After President Obama's Visit to Cuba, Crackdowns on Protesters Continue

Impact

Just days after President Barack Obama's historic visit to Cuba, the country's security forces began a harsh crackdown on pro-democracy protesters in Havana.

Yahoo News' Patrick Symmes writes that a Thursday protest three blocks from the Grand Theater of Havana was interrupted by plainclothes officers who "attacked demonstrators violently and then stuffed those they had captured into police cars and swept them away within moments."

An Australian tourist told Symmes "They were shouting pro-Obama slogans and saying things like 'Down with Fidel.'"

Video posted by the dissident organization Patriotic Union of Cuba captured the forceful security action, which was also filmed by dozens of people with camera phones.

Symmes noted Obama's pro-democracy remarks in the country, which were rebroadcast on state television and in the Communist Granma paper, may have helped spark the demonstrations.

"Obama sí, Castro no," some of the demonstrators said, according to a witness who spoke to Symmes.

"I believe citizens should be free to speak their mind without fear — to organize, and to criticize their government, and to protest peacefully, and that the rule of law should not include arbitrary detentions of people who exercise those rights," Obama told crowds at the same theater where Thursday's demonstrations took place.

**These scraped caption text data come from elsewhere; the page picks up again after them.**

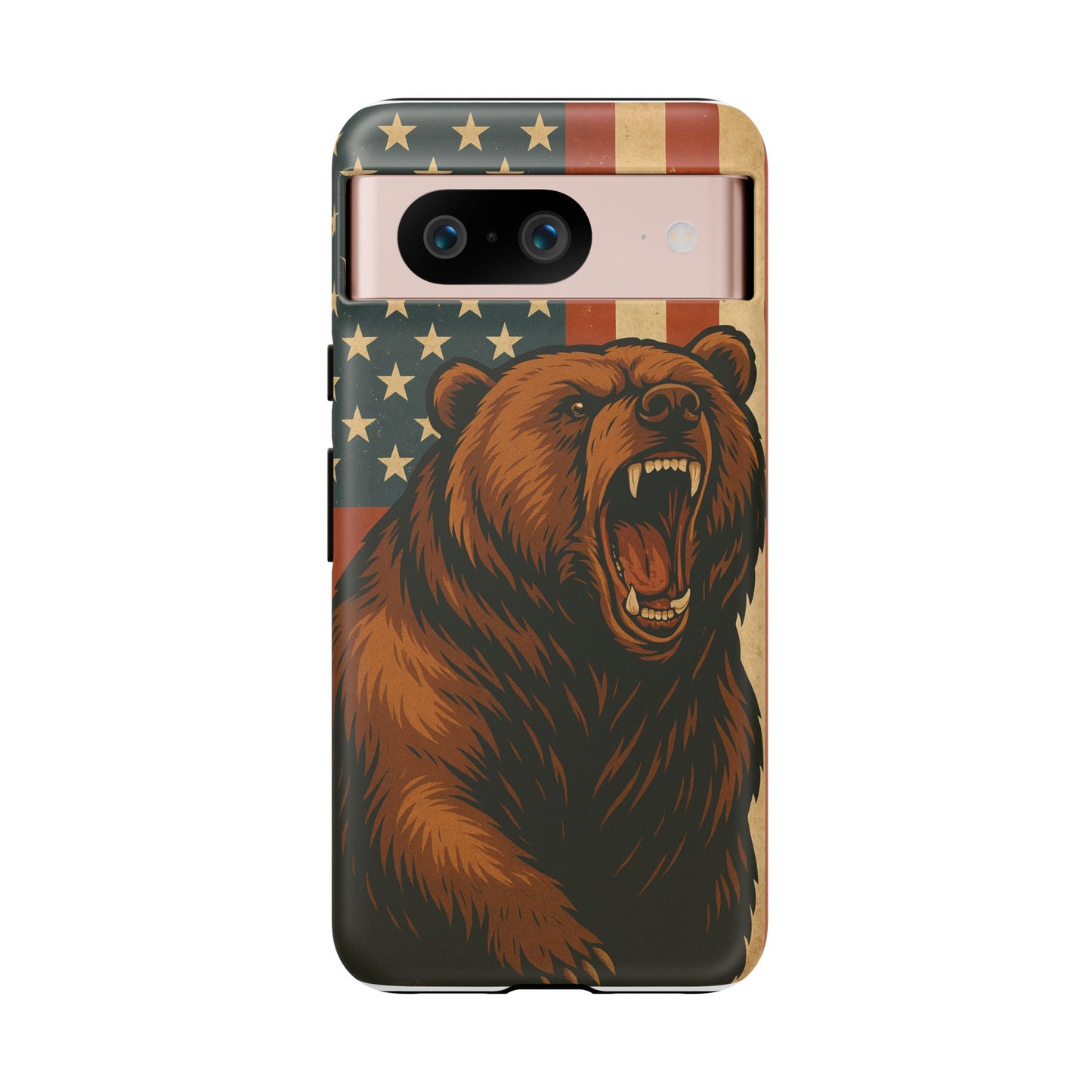 Tough Cases - Patriotic Bear Phone Case, Custom Phone Cover, Strong Protective Case, USA Flag Design, Gift for Outdoors Lovers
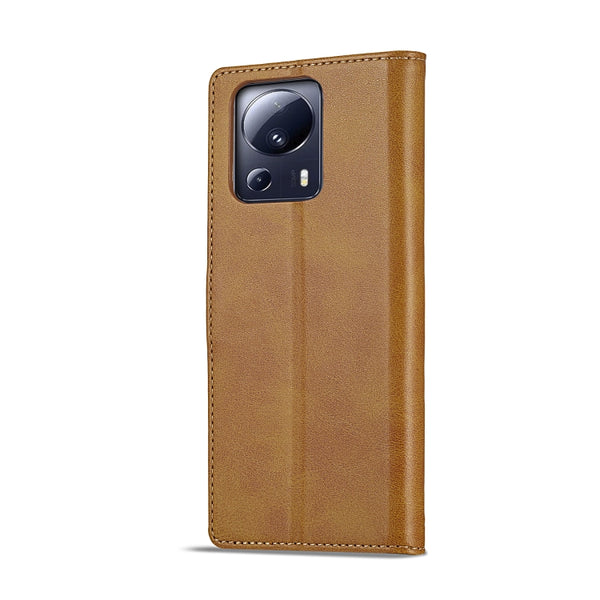 For Xiaomi 13 Lite LC.IMEEKE Calf Texture Horizontal Flip Leather Case(Yellow)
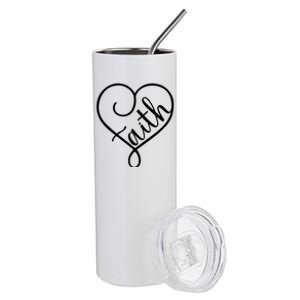 Faith Cursive Heart Christians Jesus Loves Stainless Steel Tumbler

Amnesty International notes that while Cuban law enforcement have relied less on long-term imprisonment to suppress protests against the Castro regime in recent years, it received "over 7,188 reports of arbitrary detentions from January through August 2014, a sharp increase from approximately 2,900 in 2013 and 1,100 in 2010 during the same time period ... [detainees are] often beaten, threatened and held incommunicado for hours and even days." The president's visit to the island nation came after months of increased detentions.